▶ [Exercise instructions]: Copy exactly the lines of the data below, beginning with the line with "General shots of" and ending with the line with "FESTO DSBC-63-160-PPVA-N3 Pneumatic Cylinder". Pictures are to be omitted.

▶ [Provided data]:
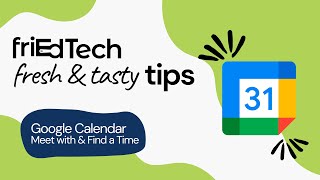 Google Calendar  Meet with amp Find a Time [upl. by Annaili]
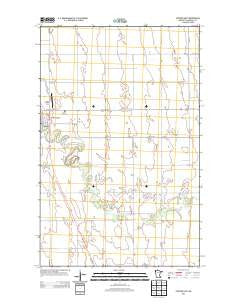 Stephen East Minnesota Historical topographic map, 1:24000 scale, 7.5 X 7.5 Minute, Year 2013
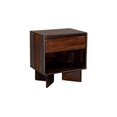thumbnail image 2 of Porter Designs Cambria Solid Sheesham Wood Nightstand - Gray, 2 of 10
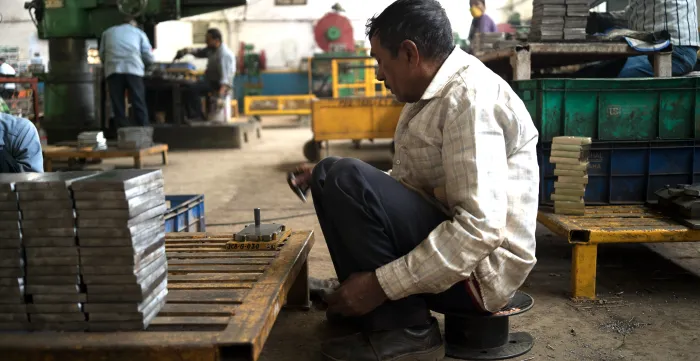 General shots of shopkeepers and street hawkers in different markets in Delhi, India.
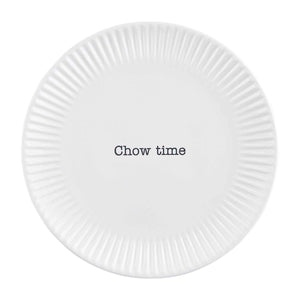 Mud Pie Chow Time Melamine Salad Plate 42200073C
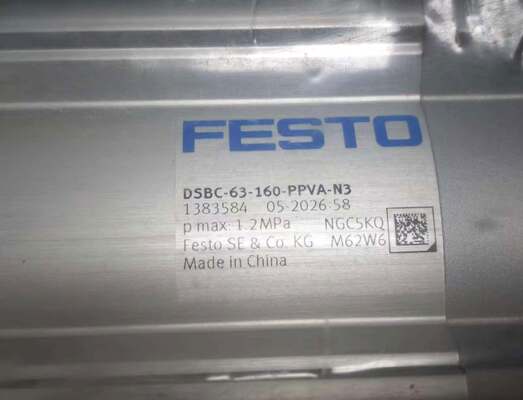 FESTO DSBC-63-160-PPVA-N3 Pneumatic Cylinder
--
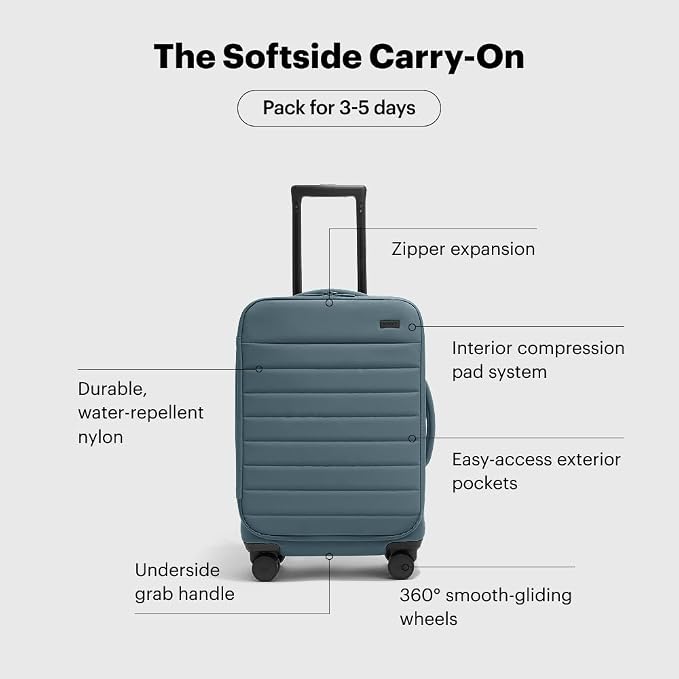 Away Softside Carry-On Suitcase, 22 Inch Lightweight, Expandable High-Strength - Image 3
==
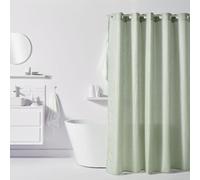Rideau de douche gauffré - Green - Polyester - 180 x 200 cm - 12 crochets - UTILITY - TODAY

▶ [Task output]:
 General shots of shopkeepers and street hawkers in different markets in Delhi, India.
 Mud Pie Chow Time Melamine Salad Plate 42200073C
 FESTO DSBC-63-160-PPVA-N3 Pneumatic Cylinder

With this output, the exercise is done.